UN chief calls for new era of social media integrity in bid to stem misinformation
© Unsplash: There has been a sharp increase in the use of hate speech on Twitter after its recent acquisition.
United Nations, 12 June 2023
Countries must address the “grave global harm” caused by the proliferation of hate and lies online, UN Secretary-General António Guterres said on Monday, launching a key report designed to shore up information integrity on digital platforms.
Alarm over the potential threat posed by the rapid development of generative artificial intelligence (AI) must not obscure the damage already being done by digital technologies that enable the spread of online hate speech, as well as mis- and disinformation, he said.
The policy brief argues that they should be integral players in upholding the accuracy, consistency and reliability of information shared by users.

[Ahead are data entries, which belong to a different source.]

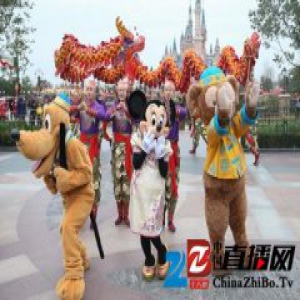 日媒记者游上海迪士尼:游客不文明行为随处可见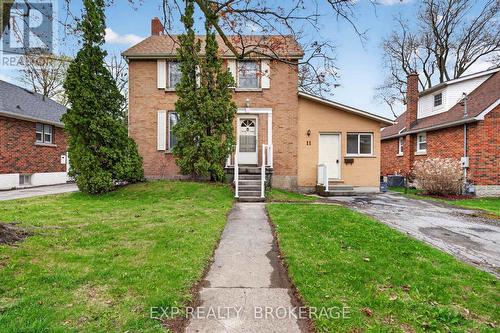11 CARRUTHERS AVENUE  Kingston (Central City East), ON K7L 1L9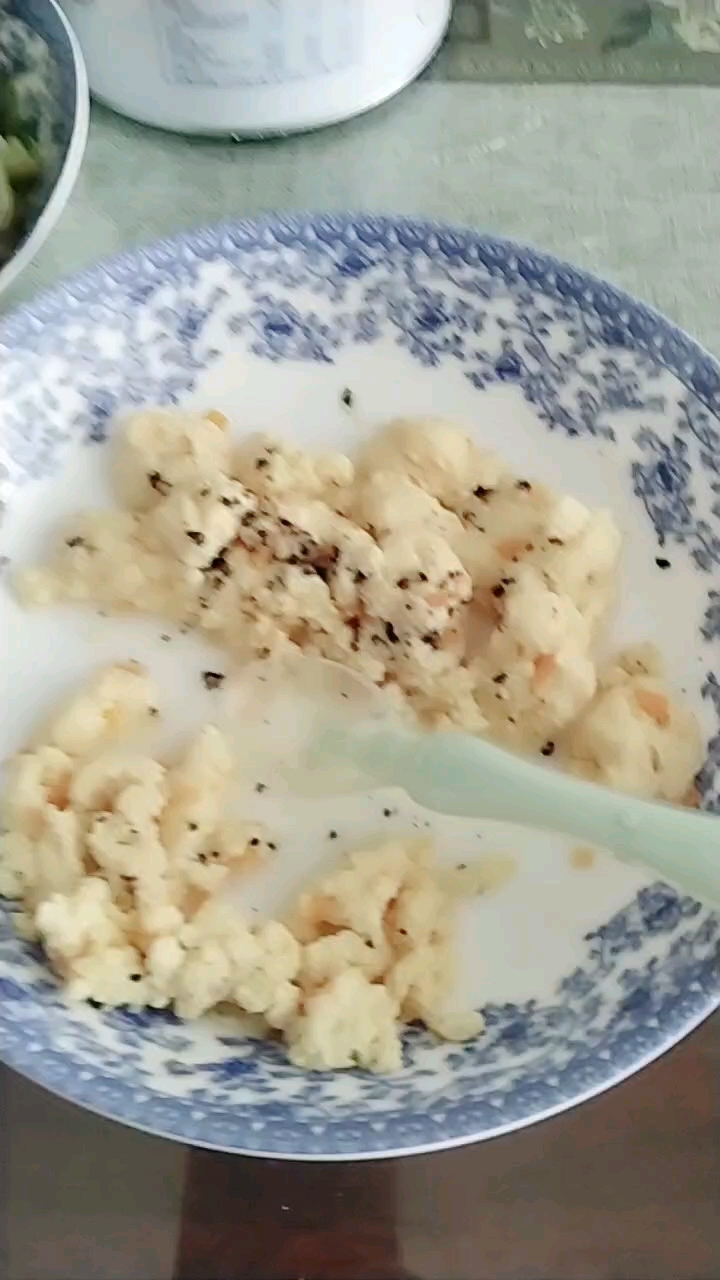 虾仁豆腐胡萝卜丸子,大胖儿子居然差点吐了,是口忒大了吗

“My hope is that it will provide a gold standard for guiding action to strengthen information integrity,” he wrote in the introduction.
Connecting and dividing
Digital platforms – which include social media channels, search engines and messaging apps – are connecting billions of people across the planet, with some three billion users of Facebook alone.
They have brought many benefits, from supporting communities in times of crisis and struggle, to helping to mobilize global movements for racial justice and gender equality. They are also used by the UN to engage people worldwide in pursuit of peace, dignity and human rights on a healthy planet.
Yet these same digital platforms are being misused to subvert science and spread disinformation and hate, fuelling conflict, threatening democracy and human rights, and undermining public health and climate action.
“Some of our own UN peacekeeping missions and humanitarian aid operations have been targeted, making their work even more dangerous,” he said.
Deceitful, dangerous and deadly
Although misinformation, disinformation and hate speech are related and overlap, they are distinct phenomena.
Hate speech refers to abusive or threatening language against a group or person, simply because of their race, colour, religion, ethnicity, nationality, or similar grounds.
The difference between mis- and disinformation is intent, though the distinction can be difficult to determine. In general, misinformation refers to the unintentional spread of inaccurate information, while disinformation is not only inaccurate but intended to deceive.
Regardless, they have all proved to be dangerous and even deadly.
“While traditional media remain an important source of news for most people in conflict areas, hatred spread on digital platforms has also sparked and fuelled violence,” the report said. “Some digital platforms have faced criticism of their role in conflicts, including the ongoing war in Ukraine.”
© UNICEF/UN051302/Herwig: Adolescent girls use cellphones and tablets in the Za’atari camp for Syrian refugees (file).
Safer digital space
Given the threat, the Secretary-General has called for coordinated international action to make the digital space safer and more inclusive while also protecting human rights.
Constructive responses have largely been lacking. Some tech companies have done far too little to prevent their platforms from contributing to the spread of violence and hatred, while Governments have sometimes resorted to drastic measures – including internet shutdowns and bans – that lack any legal basis and infringe on human rights.
Code of Conduct
The report puts forward the framework for global action though a Code of Conduct for information integrity on digital platforms, that outlines potential guardrails while safeguarding the rights to freedom of expression and information.
It will build on principles that include respect for human rights, support for independent media, increased transparency, user empowerment and strengthened research and data access.
The Secretary-General also provided recommendations that could inform the Code of Conduct.
They include a call for Governments, tech companies and other stakeholders to refrain from using, supporting, or amplifying disinformation and hate speech for any purpose.
Governments should also guarantee a free, viable, independent, and plural media landscape, with strong protections for journalists.
Meanwhile, digital platforms should ensure safety and privacy by design in all products, alongside consistent application of policies and resources across countries and languages.
All stakeholders should take urgent and immediate measures to ensure that all AI applications are safe, secure, responsible and ethical, and comply with human rights obligations, he added.
Advertisers and digital platforms should ensure that ads are not placed next to online mis- or disinformation or hate speech, and that ads containing disinformation are not promoted.
Our common future
The policy brief is the latest in a series of 11 reports based on proposals contained in Our Common Agenda, the Secretary-General’s 2021 report that outlines a vision for future global cooperation and multilateral action.
They are intended to inform discussions ahead of the SDG Summit in September, marking the midpoint towards achieving the Sustainable Development Goals by 2030, and the related Summit of the Future next year.